BEGIN LISTED RECORDS
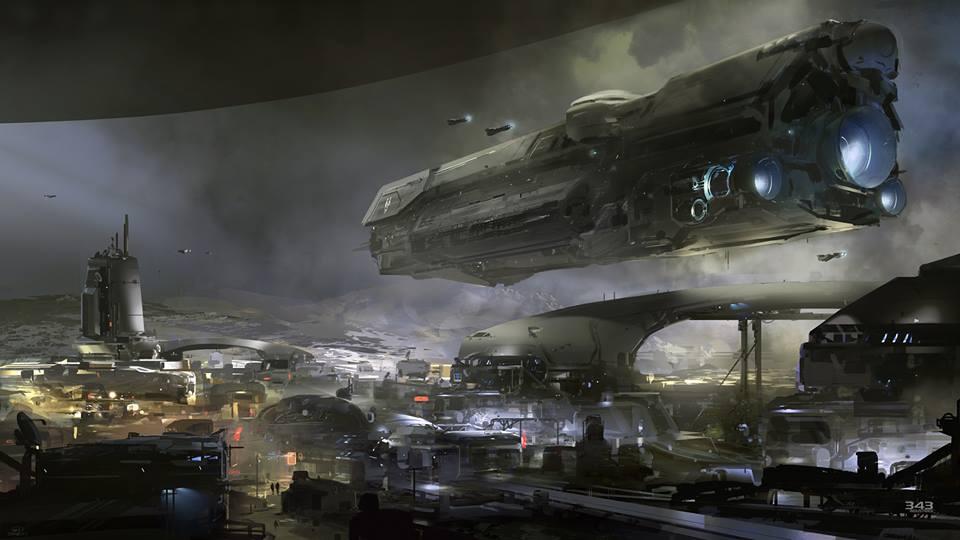 PREMIER CONCEPT ART DE HALO SUR XBOX ONE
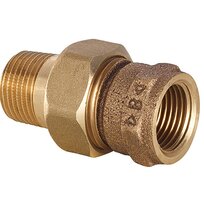Screw connection 3341 red brass 45° o/o 1/2" flat sealing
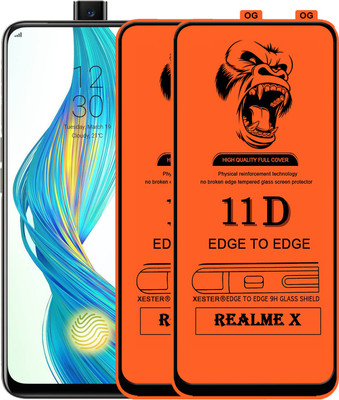 PEPHONE Edge To Edge Tempered Glass for Realme X(Pack of 1)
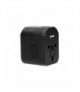 GOworld USB uniwersalny adapter podróżny do ponad 200 krajów świata, 100-240V, 8A, 2 x USB, 5V 2,4A inteligentna identyfikacja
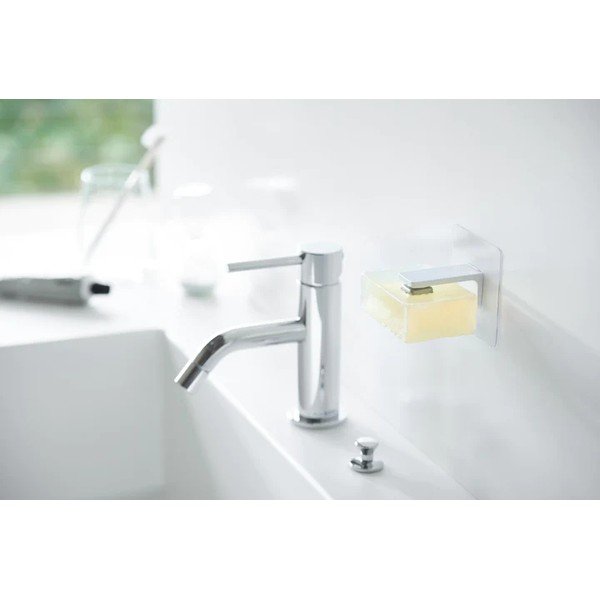 Fehér öntapadós műanyag mágneses szappantartó Film Hook – YAMAZAKI-image-2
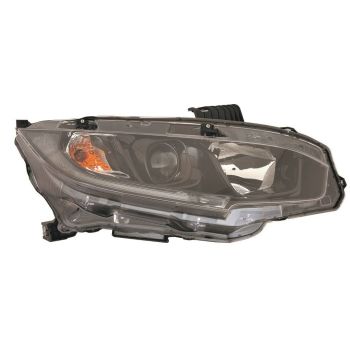 HONDA CIVIC COUPE  HEAD LAMP ASSY RIGHT (Passenger Side) (HALOGEN)(BLACK BEZEL)**CAPA** OEM#33100TBAA31 2019-2021 PL# HO2503192C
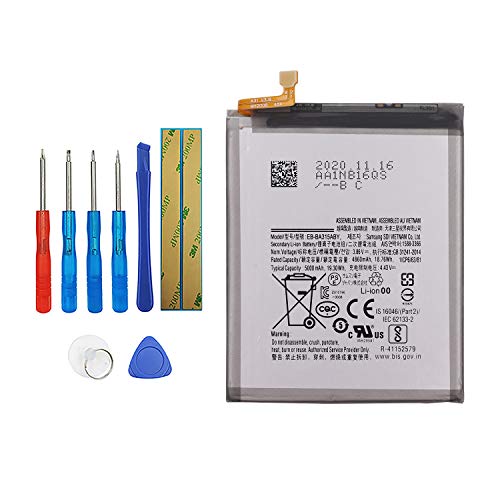 Vvsialeek EB-BA315ABY Ersatz Akku Kompatibel Für Samsung Galaxy A31 2020 SM-A315F with Free Toolkit Vvsialeek EB-BA315ABY Ersatz Akku Kompatibel Für Samsung Galaxy A31 2020 SM-A315F with Free Toolkit von Vvsialeek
END LISTED RECORDS
● **PROBLEM TO SOLVE**
Using the entries above, extract exactly the lines from the one that contains "GOworld USB uniwersalny" through the one that contains "HONDA CIVIC COUPE". Do not carry over any pictures.

● **EXERCISE ANSWER**
 GOworld USB uniwersalny adapter podróżny do ponad 200 krajów świata, 100-240V, 8A, 2 x USB, 5V 2,4A inteligentna identyfikacja
 Fehér öntapadós műanyag mágneses szappantartó Film Hook – YAMAZAKI-image-2
 HONDA CIVIC COUPE  HEAD LAMP ASSY RIGHT (Passenger Side) (HALOGEN)(BLACK BEZEL)**CAPA** OEM#33100TBAA31 2019-2021 PL# HO2503192C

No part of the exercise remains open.